Christian Lohmaier wrote:
On Thu, May 10, 2007 at 10:14:57AM +0200, Philipp Lohmann wrote:
Christian Lohmaier wrote:
On Mon, May 07, 2007 at 11:35:40AM +0200, Philipp Lohmann wrote:
Christian Lohmaier wrote:
So the question is: Why require an external tool at all and not use the
code that plays the sound (in the preview dialog) throughout the office?
I guess the idea was that JMF supports more than just wav files, also it can play video as well as far as I know.

It is just this: Most users don't need videos or other formats in their
presentations.
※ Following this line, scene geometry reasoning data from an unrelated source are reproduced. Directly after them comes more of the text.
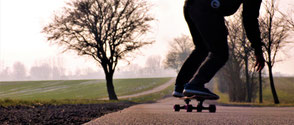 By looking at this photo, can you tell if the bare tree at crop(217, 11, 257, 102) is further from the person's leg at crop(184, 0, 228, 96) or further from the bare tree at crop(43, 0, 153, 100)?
the person's leg at crop(184, 0, 228, 96)

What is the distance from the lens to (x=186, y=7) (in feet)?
8.93

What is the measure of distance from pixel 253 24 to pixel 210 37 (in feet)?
1.70

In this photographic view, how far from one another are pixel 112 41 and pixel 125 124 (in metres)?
27.4

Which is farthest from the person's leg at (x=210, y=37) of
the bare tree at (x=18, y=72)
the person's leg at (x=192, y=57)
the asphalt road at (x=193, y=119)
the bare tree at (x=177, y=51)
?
the bare tree at (x=18, y=72)

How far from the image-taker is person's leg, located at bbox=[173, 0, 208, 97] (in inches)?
111

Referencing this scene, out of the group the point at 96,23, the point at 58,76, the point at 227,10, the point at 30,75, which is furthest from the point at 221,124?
the point at 30,75

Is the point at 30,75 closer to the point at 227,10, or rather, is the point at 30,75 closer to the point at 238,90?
the point at 238,90

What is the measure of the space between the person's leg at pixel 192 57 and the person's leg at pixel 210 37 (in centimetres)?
26

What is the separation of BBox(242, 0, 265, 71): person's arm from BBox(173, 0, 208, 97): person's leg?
→ 0.45 meters

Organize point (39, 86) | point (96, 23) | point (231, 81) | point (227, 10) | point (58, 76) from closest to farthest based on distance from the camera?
point (227, 10) < point (96, 23) < point (231, 81) < point (39, 86) < point (58, 76)

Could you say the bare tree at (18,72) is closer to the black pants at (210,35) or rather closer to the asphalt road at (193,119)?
the asphalt road at (193,119)

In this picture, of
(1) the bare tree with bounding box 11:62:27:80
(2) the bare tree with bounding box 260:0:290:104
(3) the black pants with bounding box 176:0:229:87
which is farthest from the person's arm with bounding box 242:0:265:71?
(1) the bare tree with bounding box 11:62:27:80

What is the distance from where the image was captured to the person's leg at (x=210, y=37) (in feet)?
7.93

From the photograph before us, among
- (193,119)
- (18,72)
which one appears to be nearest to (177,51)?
(193,119) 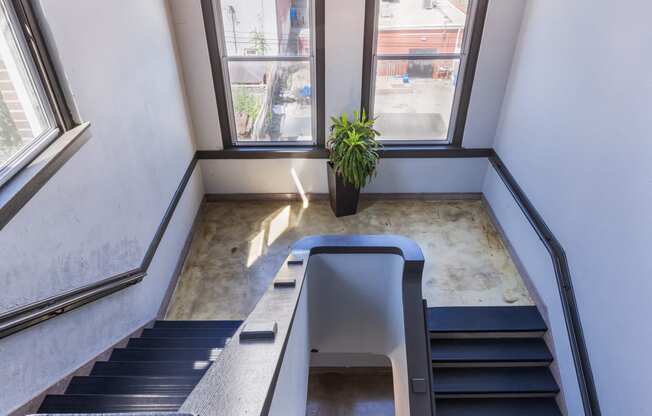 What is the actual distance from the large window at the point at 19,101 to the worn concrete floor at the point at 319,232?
78.0 inches

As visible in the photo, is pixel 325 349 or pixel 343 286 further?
pixel 325 349

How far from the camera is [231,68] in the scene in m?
4.20

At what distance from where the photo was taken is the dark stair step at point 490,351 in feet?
11.1

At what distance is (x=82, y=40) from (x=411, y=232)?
10.9 ft

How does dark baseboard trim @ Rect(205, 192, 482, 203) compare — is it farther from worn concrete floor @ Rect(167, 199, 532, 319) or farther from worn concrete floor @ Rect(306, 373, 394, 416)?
worn concrete floor @ Rect(306, 373, 394, 416)

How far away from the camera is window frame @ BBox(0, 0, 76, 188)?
6.43 ft

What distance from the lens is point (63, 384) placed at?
2158mm

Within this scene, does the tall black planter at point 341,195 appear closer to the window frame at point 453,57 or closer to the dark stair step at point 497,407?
the window frame at point 453,57

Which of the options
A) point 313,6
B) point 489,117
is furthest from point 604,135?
point 313,6

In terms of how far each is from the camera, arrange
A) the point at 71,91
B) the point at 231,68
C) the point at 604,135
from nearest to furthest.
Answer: the point at 71,91 < the point at 604,135 < the point at 231,68

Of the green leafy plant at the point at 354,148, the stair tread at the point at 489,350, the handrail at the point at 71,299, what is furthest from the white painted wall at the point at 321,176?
the stair tread at the point at 489,350

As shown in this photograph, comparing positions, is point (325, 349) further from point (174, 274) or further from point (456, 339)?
point (174, 274)

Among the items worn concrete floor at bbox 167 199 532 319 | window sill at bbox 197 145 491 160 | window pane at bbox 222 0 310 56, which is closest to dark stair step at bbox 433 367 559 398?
worn concrete floor at bbox 167 199 532 319

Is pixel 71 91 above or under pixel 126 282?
above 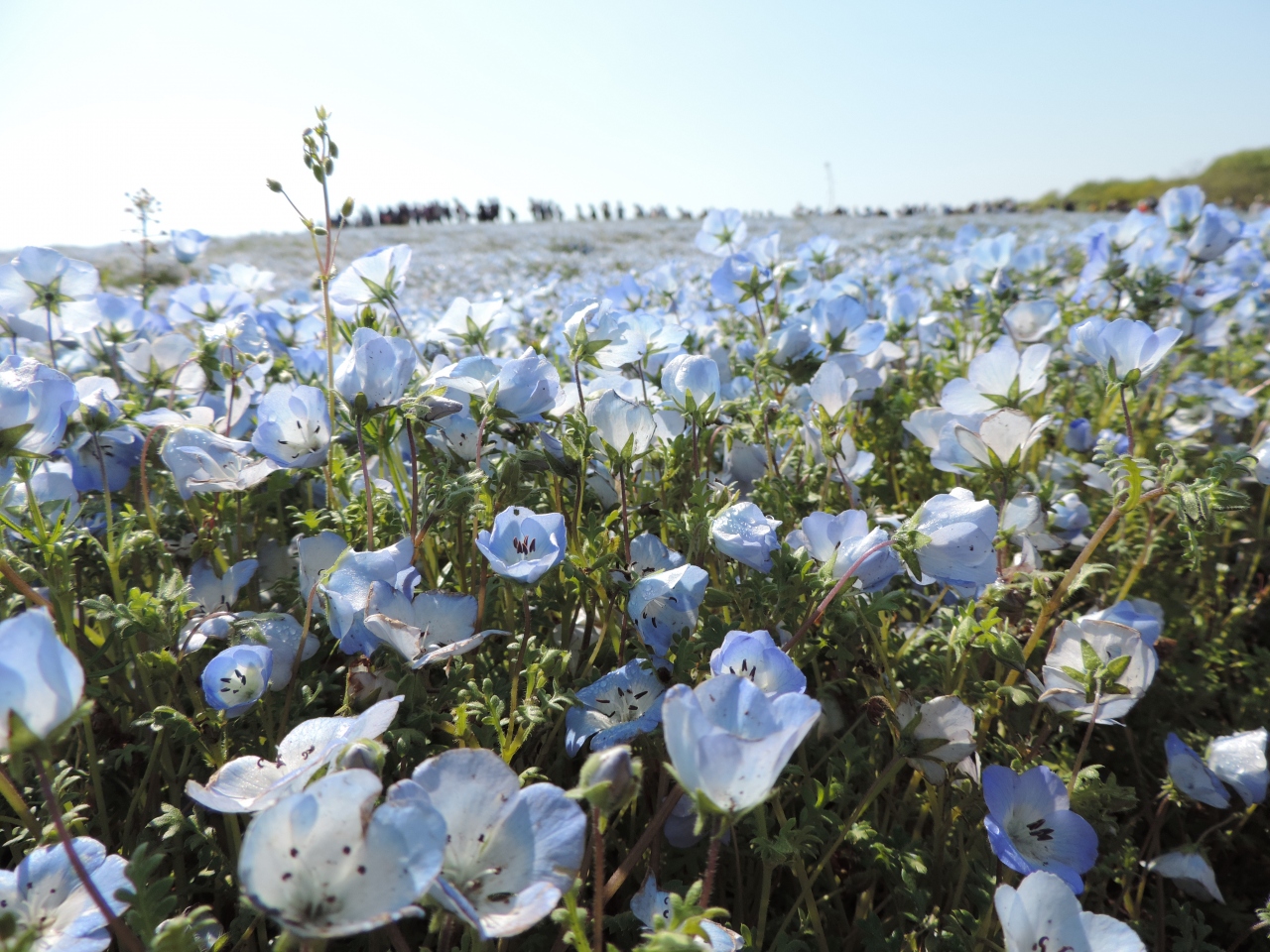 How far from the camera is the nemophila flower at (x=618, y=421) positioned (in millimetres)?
1077

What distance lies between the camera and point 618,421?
1092mm

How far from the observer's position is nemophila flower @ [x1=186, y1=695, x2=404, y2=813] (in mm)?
651

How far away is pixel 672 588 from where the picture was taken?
938mm

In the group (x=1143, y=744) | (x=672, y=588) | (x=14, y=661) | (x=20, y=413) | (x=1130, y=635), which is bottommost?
(x=1143, y=744)

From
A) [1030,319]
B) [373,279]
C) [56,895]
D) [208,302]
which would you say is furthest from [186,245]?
[1030,319]

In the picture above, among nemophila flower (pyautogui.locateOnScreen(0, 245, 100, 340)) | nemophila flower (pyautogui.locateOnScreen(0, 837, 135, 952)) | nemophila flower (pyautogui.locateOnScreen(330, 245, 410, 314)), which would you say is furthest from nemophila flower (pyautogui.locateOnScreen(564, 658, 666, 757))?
nemophila flower (pyautogui.locateOnScreen(0, 245, 100, 340))

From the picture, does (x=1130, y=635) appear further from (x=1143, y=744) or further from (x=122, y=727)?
(x=122, y=727)

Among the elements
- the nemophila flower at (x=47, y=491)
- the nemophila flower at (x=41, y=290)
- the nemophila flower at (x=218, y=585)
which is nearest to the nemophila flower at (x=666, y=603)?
the nemophila flower at (x=218, y=585)

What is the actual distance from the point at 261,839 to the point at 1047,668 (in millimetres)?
985

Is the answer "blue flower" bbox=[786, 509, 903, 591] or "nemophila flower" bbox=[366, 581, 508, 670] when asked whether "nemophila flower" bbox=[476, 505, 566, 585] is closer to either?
"nemophila flower" bbox=[366, 581, 508, 670]

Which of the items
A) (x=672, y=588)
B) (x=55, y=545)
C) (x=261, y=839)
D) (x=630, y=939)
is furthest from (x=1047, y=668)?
(x=55, y=545)

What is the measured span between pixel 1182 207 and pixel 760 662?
2.89 m

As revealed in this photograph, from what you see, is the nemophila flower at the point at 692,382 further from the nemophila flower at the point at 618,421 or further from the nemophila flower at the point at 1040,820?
the nemophila flower at the point at 1040,820

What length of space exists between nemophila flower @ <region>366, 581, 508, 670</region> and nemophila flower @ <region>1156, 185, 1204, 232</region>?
2.91 metres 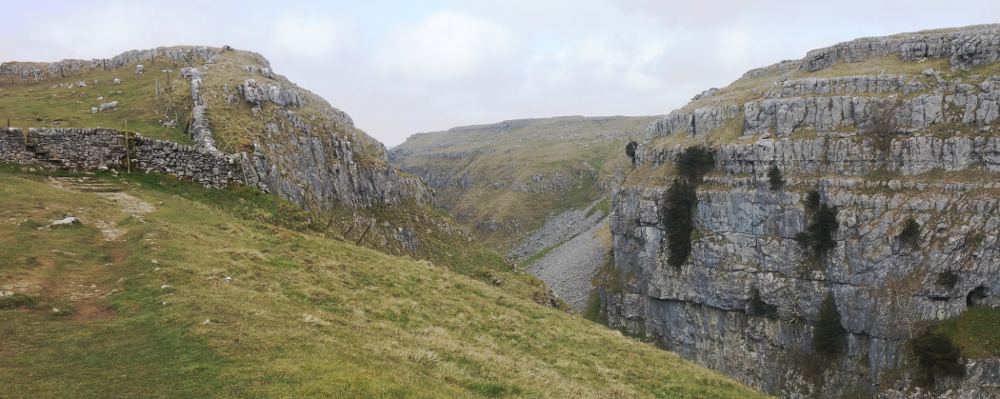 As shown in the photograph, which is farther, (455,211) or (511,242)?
(455,211)

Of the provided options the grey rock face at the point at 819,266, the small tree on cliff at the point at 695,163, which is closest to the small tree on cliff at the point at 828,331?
the grey rock face at the point at 819,266

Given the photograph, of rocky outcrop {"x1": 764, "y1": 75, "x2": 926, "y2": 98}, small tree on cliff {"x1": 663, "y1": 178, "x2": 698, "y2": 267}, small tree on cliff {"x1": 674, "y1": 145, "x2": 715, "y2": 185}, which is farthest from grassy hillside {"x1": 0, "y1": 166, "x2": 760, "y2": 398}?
rocky outcrop {"x1": 764, "y1": 75, "x2": 926, "y2": 98}

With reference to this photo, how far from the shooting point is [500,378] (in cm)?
1612

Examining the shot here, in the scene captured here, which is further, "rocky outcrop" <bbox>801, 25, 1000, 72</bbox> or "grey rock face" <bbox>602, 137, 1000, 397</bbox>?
"rocky outcrop" <bbox>801, 25, 1000, 72</bbox>

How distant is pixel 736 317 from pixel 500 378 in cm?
5556

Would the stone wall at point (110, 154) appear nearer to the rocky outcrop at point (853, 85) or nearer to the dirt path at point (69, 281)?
the dirt path at point (69, 281)

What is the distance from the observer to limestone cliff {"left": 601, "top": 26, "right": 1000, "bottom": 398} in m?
47.2

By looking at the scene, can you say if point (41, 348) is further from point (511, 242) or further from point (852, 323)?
point (511, 242)

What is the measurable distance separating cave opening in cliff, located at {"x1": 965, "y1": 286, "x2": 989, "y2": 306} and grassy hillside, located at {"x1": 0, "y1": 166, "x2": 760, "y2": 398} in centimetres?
4131

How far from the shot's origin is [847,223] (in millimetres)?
52344

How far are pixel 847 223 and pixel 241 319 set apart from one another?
2408 inches

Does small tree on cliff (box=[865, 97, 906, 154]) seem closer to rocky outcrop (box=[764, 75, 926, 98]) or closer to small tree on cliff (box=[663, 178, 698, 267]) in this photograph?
rocky outcrop (box=[764, 75, 926, 98])

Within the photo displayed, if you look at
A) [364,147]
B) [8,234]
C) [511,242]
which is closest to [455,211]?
[511,242]

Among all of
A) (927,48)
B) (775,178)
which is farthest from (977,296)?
(927,48) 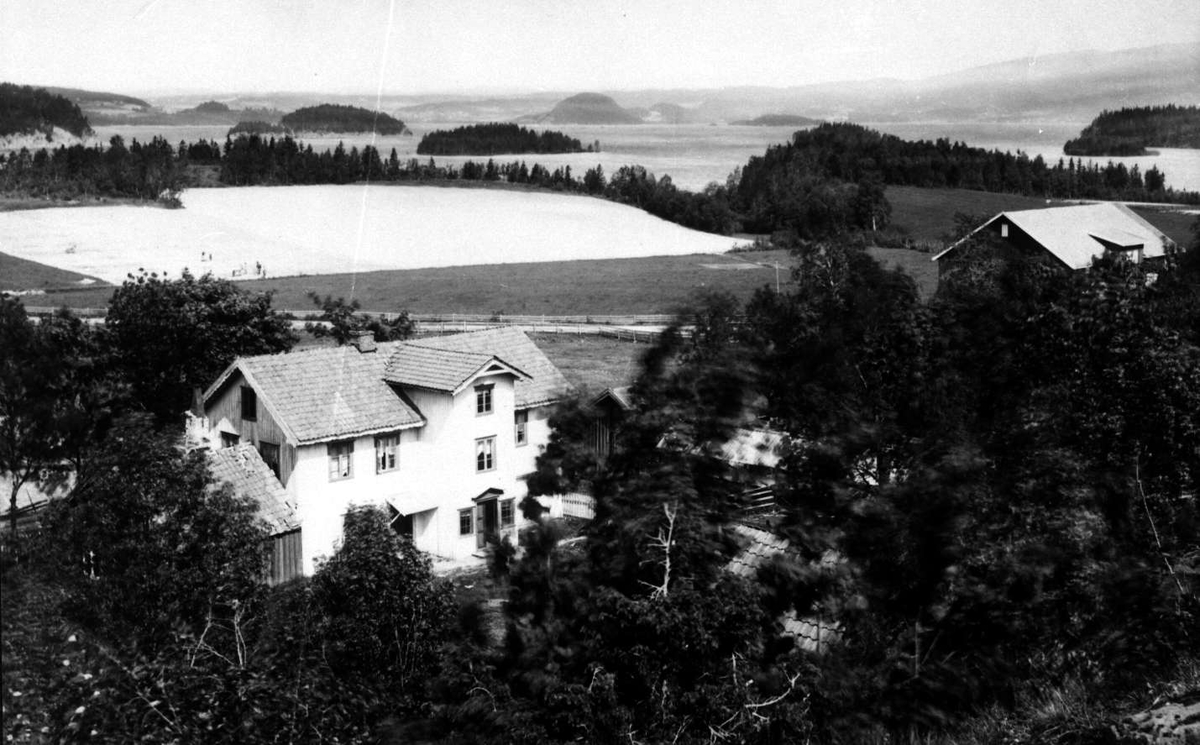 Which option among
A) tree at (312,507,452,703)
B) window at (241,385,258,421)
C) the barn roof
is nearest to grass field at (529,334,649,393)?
the barn roof

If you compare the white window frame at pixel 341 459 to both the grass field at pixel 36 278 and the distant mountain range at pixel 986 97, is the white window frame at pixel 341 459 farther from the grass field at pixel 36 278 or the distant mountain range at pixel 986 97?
the grass field at pixel 36 278

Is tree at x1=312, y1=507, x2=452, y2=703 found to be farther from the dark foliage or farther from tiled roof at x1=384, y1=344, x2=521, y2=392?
the dark foliage

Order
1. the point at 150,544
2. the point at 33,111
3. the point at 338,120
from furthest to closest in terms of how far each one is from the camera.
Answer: the point at 338,120, the point at 33,111, the point at 150,544

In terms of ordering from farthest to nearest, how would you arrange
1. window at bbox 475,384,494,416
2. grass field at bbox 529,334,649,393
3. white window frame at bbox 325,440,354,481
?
grass field at bbox 529,334,649,393 < window at bbox 475,384,494,416 < white window frame at bbox 325,440,354,481

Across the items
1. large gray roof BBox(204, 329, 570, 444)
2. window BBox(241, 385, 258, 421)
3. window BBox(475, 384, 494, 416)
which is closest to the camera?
large gray roof BBox(204, 329, 570, 444)

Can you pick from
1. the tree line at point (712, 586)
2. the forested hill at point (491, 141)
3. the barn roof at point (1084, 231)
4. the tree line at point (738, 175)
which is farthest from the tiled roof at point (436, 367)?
the forested hill at point (491, 141)

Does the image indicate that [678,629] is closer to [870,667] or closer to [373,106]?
[870,667]

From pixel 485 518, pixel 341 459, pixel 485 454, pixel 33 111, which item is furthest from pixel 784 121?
pixel 33 111

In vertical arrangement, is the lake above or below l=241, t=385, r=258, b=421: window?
above

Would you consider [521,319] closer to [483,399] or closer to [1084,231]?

Wavs would be fine for most of the use-cases.

OOo already has code for both, so why is it not possible to play wavs
with the existing and still shipped code and rely on JMF for the rest?

Not possible is not quite what I'd say. Counterquestion: why should we have two separate sound systems ? Currently this is the case, but I'd rather sooner than later yank out one both. JMF can handle our needs just nicely. The question is more whether JMF ever becomes a widespread standard (at least on non-Windows platforms). With JMF's support for codecs this would significantly enhance multimedia capabilities for Unixish platforms. I guess the original hope when choosing JMF was ,yes this will be a standard soon, but currently I don't know.

Please note that I wasn't involved in the implementation, so I'm basically just guessing.

Kind regards, pl

--
If you give someone a program, you will frustrate them for a day;
if you teach them how to program, you will frustrate them for a lifetime.